Over the next two weeks, Urban scholars are reflecting on how different aspects of children’s lives affect family instability and their healthy development. This team of scholars recently released a report laying out insights from an exploration of what research is needed to stabilize the lives of children and families. This work is part of Urban’s Kids in Context Initiative.
The phrase safety net is often used to describe the public benefits—like food stamps, housing subsidies, and temporary cash transfers—some families receive in times of financial crisis. But there’s another safety net for families much closer to home: social networks and local communities.
The first safety net arises from our social contract with one another as citizens of the United States; the second is formed by our bonds as members of families and communities. Though each net operates on a different level, both perform the same function, offering a buffer against life’s inevitable vicissitudes.
In our brief “Stabilizing Children’s Lives: Insights for Research and Action,” we explore how social networks and communities contribute to what children need for healthy development, such as a sense of security, strong relationships with loving adults, a stable and safe environment, and consistent access to food, housing, education, and health care. Our research has only just begun, but this initial scan makes clear that stability is deeply intertwined with the experience of family, neighbors, and place. For the most vulnerable families, however, that experience can cut in two different directions.
Across all income strata, most Americans point to family and friends as their most expected source of support in hard times, and low-income families are less likely to enter into hardship if they have strong social networks. But low-income families may be more vulnerable to “draining” social ties, giving more than they can spare to families, friends, and neighbors who have equal or greater needs.

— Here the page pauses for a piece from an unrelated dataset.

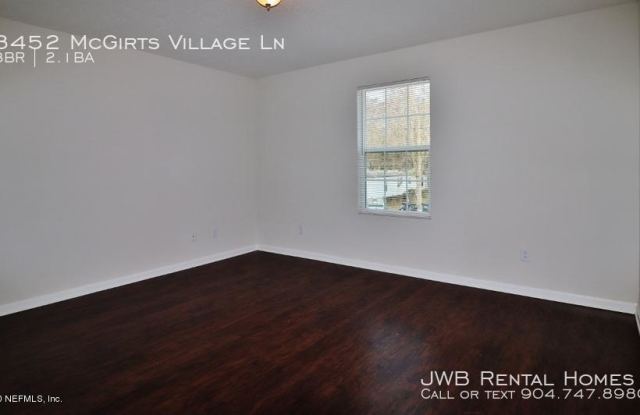 8452 MCGIRTS VILLAGE LN Gallery 4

Similarly, the neighborhoods we live in can also confer important advantages for children, especially in education. But for families who live in chronically disadvantaged neighborhoods, place is often detrimental to child well-being and education and to adult personal and economic stability because of a lack of quality resources, like grocery stores, jobs, and quality education. A real or perceived lack of safety in one’s neighborhood is especially harmful to children. Proximity to a neighborhood homicide, even if not witnessed, can significantly lower a child’s score on academic achievement tests.
The relationship between place and the quality of low-income people’s social ties is mixed. Some evidence suggests that low-income neighbors will often form small networks that are primary sources of emotional and tangible support, but social isolation and draining ties are also prevalent in the most deeply distressed neighborhoods with poverty rates over 30 percent.
Communities can be a source of stability, or they can create the instability that negatively affects child development. To fully understand instability, we must look well beyond traditional social services to explore how entire communities—families, friends, neighbors, voluntary clubs, congregations, schools, workplaces, and helping agencies—can give children the stability they need and deserve to grow into happy, healthy, and prosperous adults.